«Toi-même et la doctrine»

Une parole pour ceux qui travaillent dans l'oeuvre du Seigneur

ME 1890 page 193

 

«Sois attentif à toi-même et à l'enseignement (ou à la doctrine); persévère dans ces choses, car en faisant ainsi, tu te sauveras toi-même et ceux qui t'écoutent» (1 Timothée 4: 16)

 

Ce sont là des paroles bien sérieuses et que doivent peser avec soin tous ceux qui ont à présenter aux âmes la parole de Dieu et la doctrine. Elles étaient adressées par Paul à son enfant bien-aimé, Timothée, et contiennent la plus précieuse instruction pour chacun de ceux qui sont appelés de Dieu à édifier ou instruire l'assemblée, ou à prêcher l'évangile. C'est assurément un grand et saint privilège que d'avoir part à un tel ministère, mais, en même temps, celui qui l'exerce se trouve sous une bien grande responsabilité.

Le passage cité plus haut place devant l'ouvrier du Seigneur deux devoirs des plus essentiels, auxquels il doit donner, avec prière et vigilance, l'attention la plus constante, s'il veut être un ouvrier utile dans l'Assemblée de Dieu, «un bon ministre de Jésus Christ». Premièrement, il doit être attentif à lui-même, et ensuite être attentif à l'enseignement ou à la doctrine.

Considérons, en premier lieu, cette injonction sérieuse: «Sois attentif à toi-même». Il serait difficile d'exprimer toute la portée morale de ces paroles. Elles sont importantes à observer pour tout chrétien, mais essentiellement pour l'ouvrier du Seigneur, à qui, d'ailleurs, elles sont spécialement adressées ici. Il a, plus que personne, besoin d'être attentif à lui-même. Il doit prendre garde à l'état de son coeur, à l'état de sa conscience, à son homme intérieur tout entier. Il a à se conserver «pur» lui-même (1 Timothée 5: 22). Ses pensées, ses affections, son esprit, son caractère, sa langue, tout doit être tenir sous le saint contrôle de l'Esprit et de la parole de Dieu. Il faut qu'il soit ceint de la vérité et revêtu de la cuirasse de la justice. Sa condition morale et sa marche pratique doivent répondre à la vérité qu'il annonce, autrement l'ennemi aura certainement l'avantage sur lui.
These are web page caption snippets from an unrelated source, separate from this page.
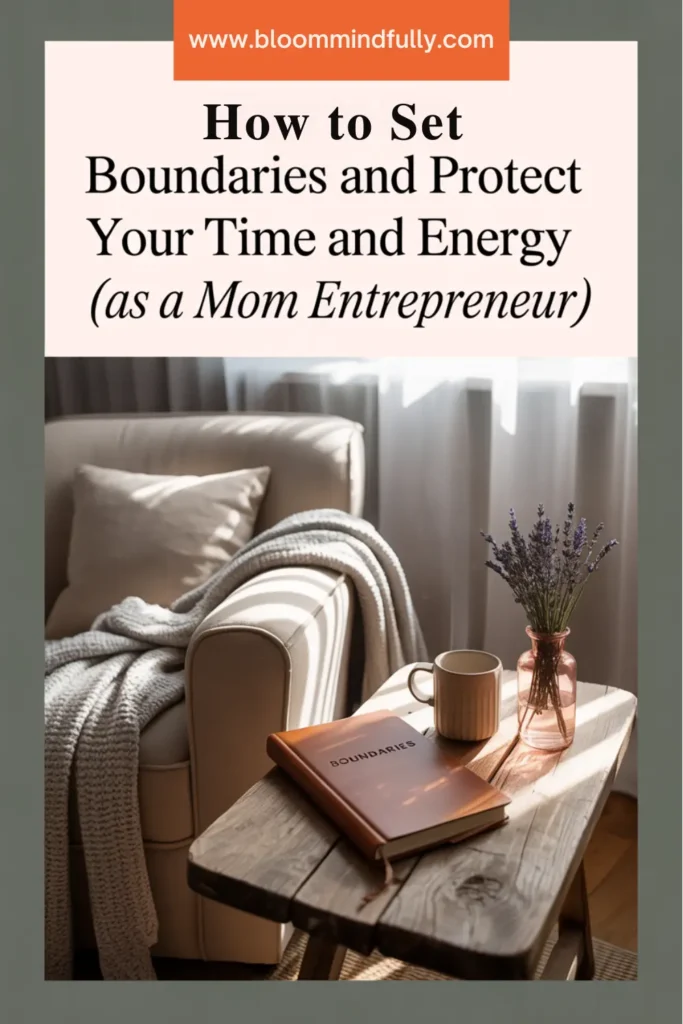 Cozy armchair scene with journal labeled 'Boundaries,' coffee mug, and lavender vase, illustrating how to set boundaries and protect your time and energy as a mom entrepreneur.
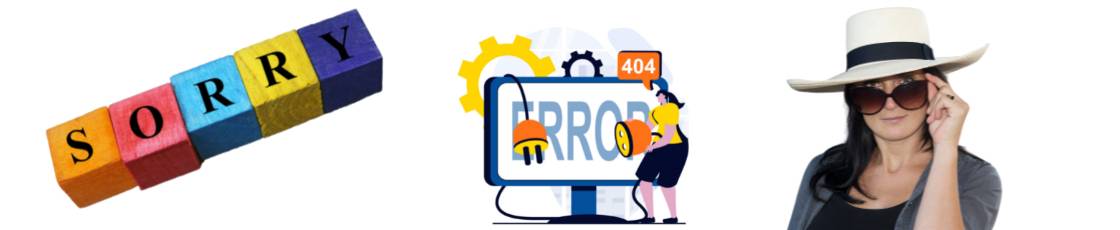 Eine Frau mit Hut und Sonnenbrille neben einem Computerbildschirm mit dem Wort „Entschuldigung“.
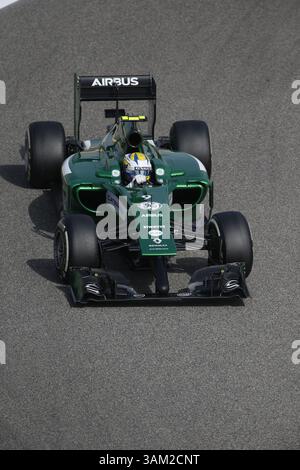 April 2014 - Manama, BAHRAIN, BAHRAIN - Marcus ERICSSON, SWE, . Team Caterham F1, Caterham CT05, Renault Energy F1 2014,.BAHRAIN – Rennstrecke MANAMA, Shakir – 04/04/2014 – Formel 1, F1, Formel 1 – Bild zur Gebührenpflicht (Credit Image: © David McIntyre/ZUMAPRESS.com) Stockfoto
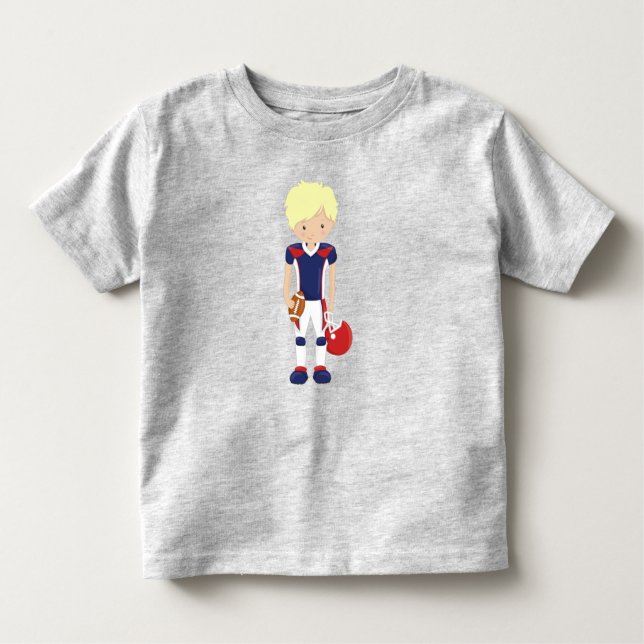 Rugby, American Football, Cute Boy, Blonde Hair Toddler T-Shirt (Front)
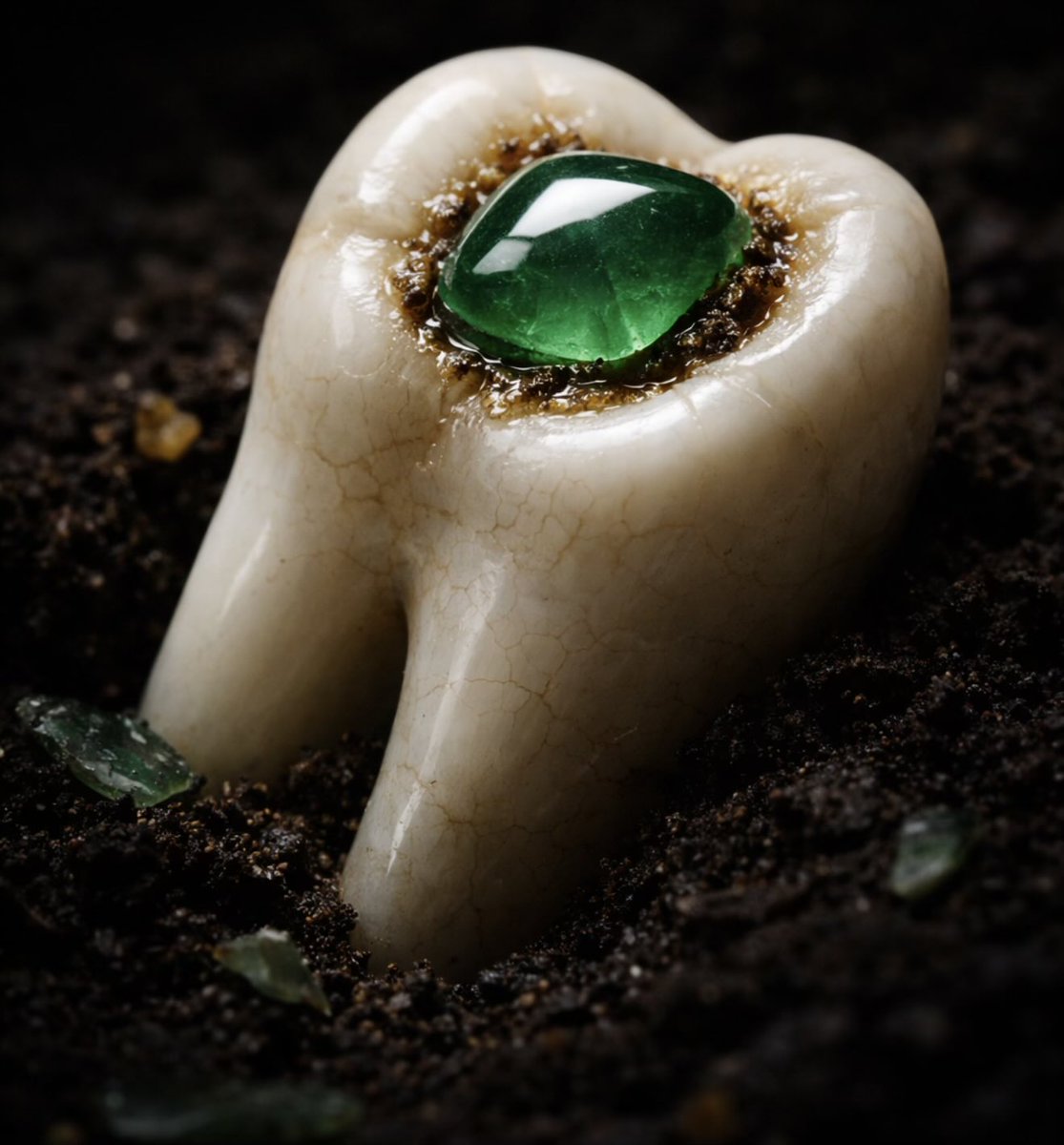 Mayan dentists drilled into living teeth 1,300 years ago. Not to fill a cavity. To set a jade stone. They used obsidian drill points. Shaped each gem individually to fit the hole.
Celui qui enseigne devrait être la vivante expression de ce qu'il présente dans ses paroles; au moins tel devrait être le but poursuivi par lui avec sincérité, sérieux et persévérance. Il serait à désirer que cette mesure sainte fût constamment devant «les yeux de son coeur». Le plus excellent, hélas! manque et reste toujours au-dessous; mais si son coeur est vrai, si sa conscience est délicate, si la crainte de Dieu et l'amour de Christ occupent en lui la place qu'ils doivent avoir, l'ouvrier du Seigneur ne sera satisfait par rien de ce qui est au-dessous de la mesure divine, soit dans son état intérieur, soit dans sa marche. Ce sera son ardent désir, en tout temps et en tout lieu, de montrer dans sa conduite l'effet pratique de son enseignement, et d'être «le modèle des fidèles, en parole, en conduite, en amour, en foi, en pureté» (1 Timothée 4: 12).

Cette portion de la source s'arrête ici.